Re: Full text Indexing -out of contrib and into main..

Lists: pgsql-hackers
From: "John Huttley" <John(at)mwk(dot)co(dot)nz>
To: <pgsql-hackers(at)postgresql(dot)org>
Subject: Full text Indexing -out of contrib and into main..
Date: 2000-11-28 01:51:43
Message-ID: 004001c058dd$c2482aa0$1401a8c0@MWK.co.nz
Views: Raw Message | Whole Thread | Download mbox | Resend email
Lists: pgsql-hackers

>
> Maybe asking 'Why isn't the contrib full-text-indexer not in the main
> tree?' would be more productive on that front.

Well, yes. Why isn't it?

Full text indexing should be just as much a feature as any other key feature in
PG.
With the advent of unlimited file and record lengths in 7.1, this would be a good
time to
include it.

FTI is particularly useful in the context of web content engines.

> How did you attempt to build it under the RPM install? I assume you had
> the postgresql-devel package installed, and the include paths set
> properly.... Of course, most of what is in contrib assumes a full source
> tree is lying around (argh)....ie, it's wanting to include
> Makefile.global in its Makefile. And, on the RPM dist, Makefile.global
> isn't (yet) packaged.

Yes, I have the devel RPM, but FTI couldn't find its include files. Or its
libraries. Or something.

Building from a source tree has always been better for me. The catch is mixing
that with the RPMS,
which put things in unholy locations.
Its very hard (for me at least) to update an RPM version with a version compiled
from the source.

I recently updated my PG system from 6.5.3 to 7.0.3, still RPMs, (another fun
job) and have not tried to compile FTI
subsequently.

However if I tried hard enough I'm sure I could fix it. For the moment, I'm on
another job so I'm not worrying.

Regards

John


From: Don Baccus <dhogaza(at)pacifier(dot)com>
To: "John Huttley" <John(at)mwk(dot)co(dot)nz>, <pgsql-hackers(at)postgresql(dot)org>
Subject: Re: Full text Indexing -out of contrib and into main..
Date: 2000-11-28 02:27:04
Message-ID: 3.0.1.32.20001127182704.01b54420@mail.pacifier.com
Views: Raw Message | Whole Thread | Download mbox | Resend email
Lists: pgsql-hackers

At 02:51 PM 11/28/00 +1300, John Huttley wrote:
>>
>> Maybe asking 'Why isn't the contrib full-text-indexer not in the main
>> tree?' would be more productive on that front.
>
>Well, yes. Why isn't it?
>
>Full text indexing should be just as much a feature as any other key feature in
>PG.
>With the advent of unlimited file and record lengths in 7.1, this would be a good
>time to
>include it.
>
>FTI is particularly useful in the context of web content engines.

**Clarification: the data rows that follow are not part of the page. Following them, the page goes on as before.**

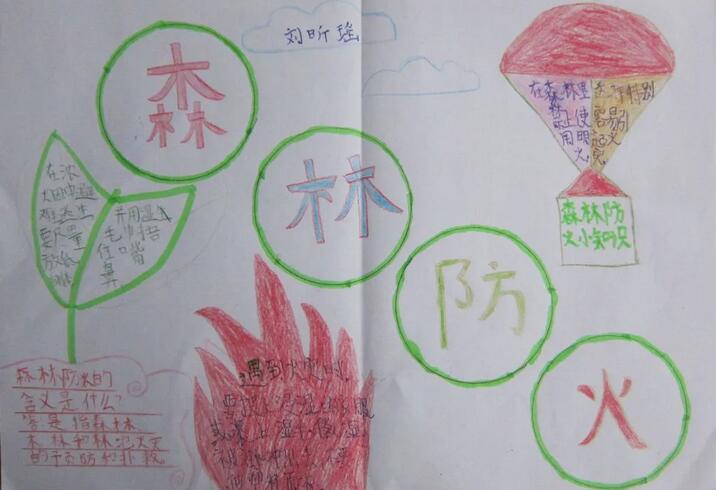 森林防火手抄报图片简单漂亮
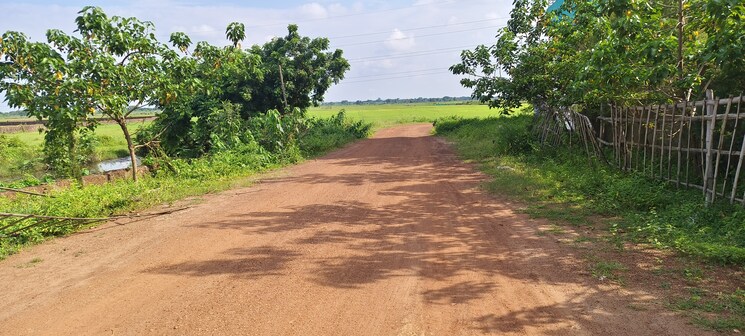 Garden, patrapada  1269 Sq.Ft. Plot In Patrapada Bhubaneswar 8983415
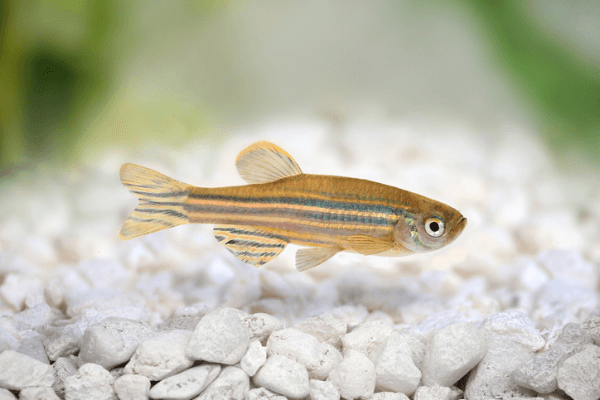 זברה דניו Zebra Danio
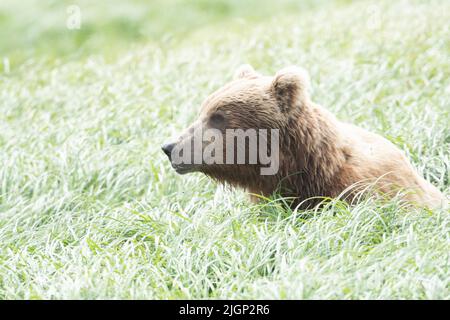 Alaskan brown bear feeding in McNeil River state game sanctuary and refuge Stock Photo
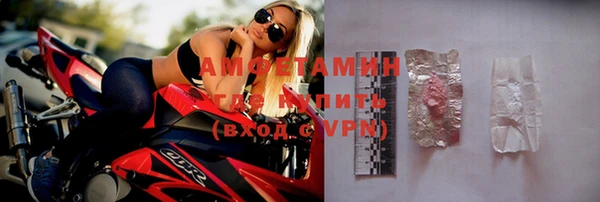 индика Кулебаки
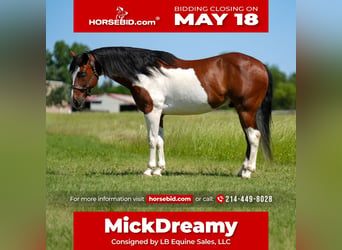 American Paint Horse, Ruin, 15 Jaar, Gevlekt-paard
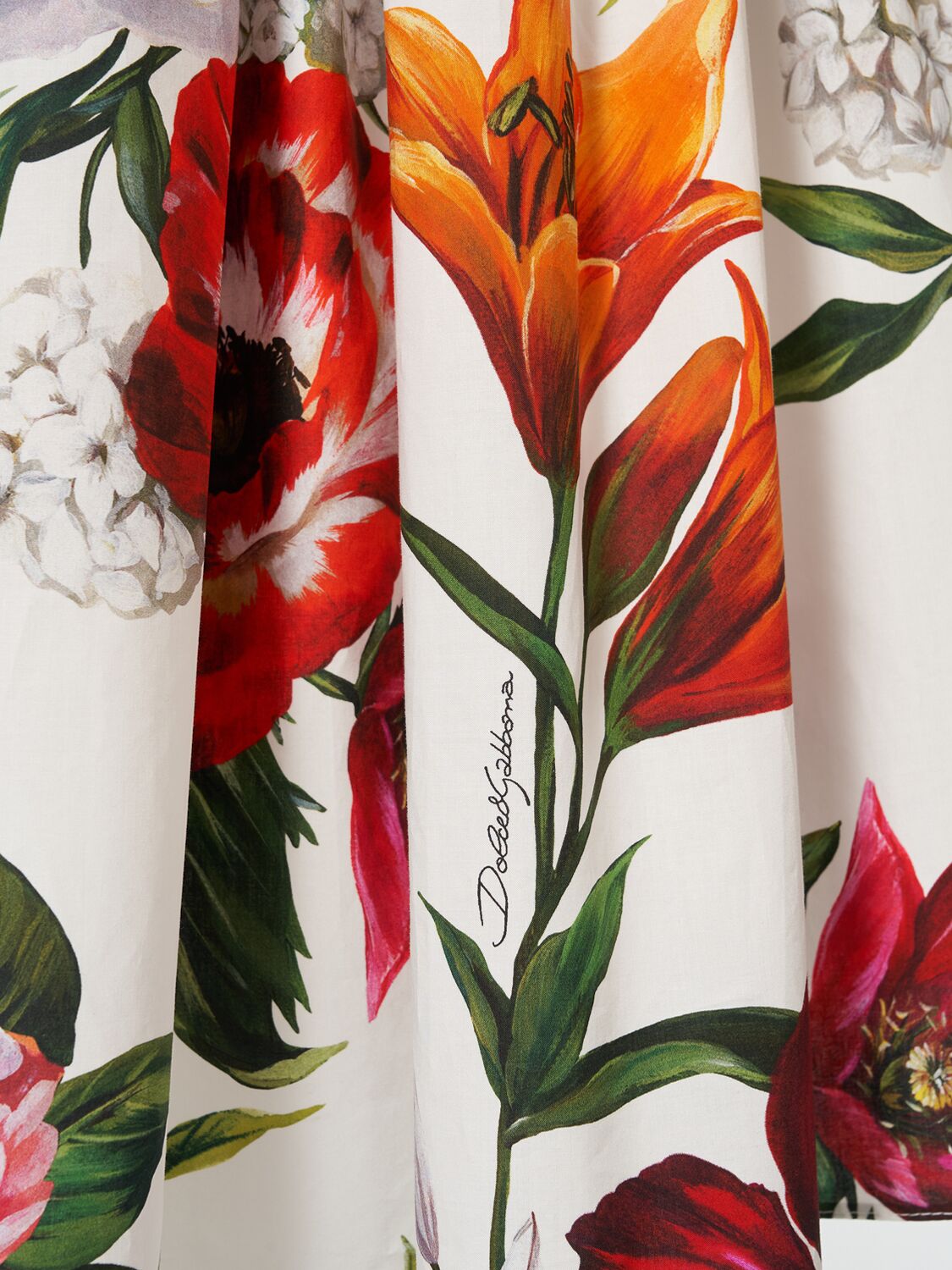 Dolce & Gabbana Women Midi Dress With Red Roses On A White Background In Multi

Well ... it's pretty inadequate, actually. That might be one reason it's only
in contrib.

- Don Baccus, Portland OR <dhogaza(at)pacifier(dot)com>
Nature photos, on-line guides, Pacific Northwest
Rare Bird Alert Service and other goodies at
http://donb.photo.net.


From: Lamar Owen <lamar(dot)owen(at)wgcr(dot)org>
To: John Huttley <John(at)mwk(dot)co(dot)nz>
Cc: pgsql-hackers(at)postgresql(dot)org
Subject: Re: Full text Indexing -out of contrib and into main..
Date: 2000-11-28 02:50:35
Message-ID: 3A231D7B.AB56CED1@wgcr.org
Views: Raw Message | Whole Thread | Download mbox | Resend email
Lists: pgsql-hackers

John Huttley wrote:
> > Maybe asking 'Why isn't the contrib full-text-indexer not in the main
> > tree?' would be more productive on that front.

> Well, yes. Why isn't it?

I'm hoping to see the answer to that one myself, as that is outside my
scope currently. I just RPMize things... Although, I didn't intend for
my statement to appear as harsh as it does -- for that I apologize.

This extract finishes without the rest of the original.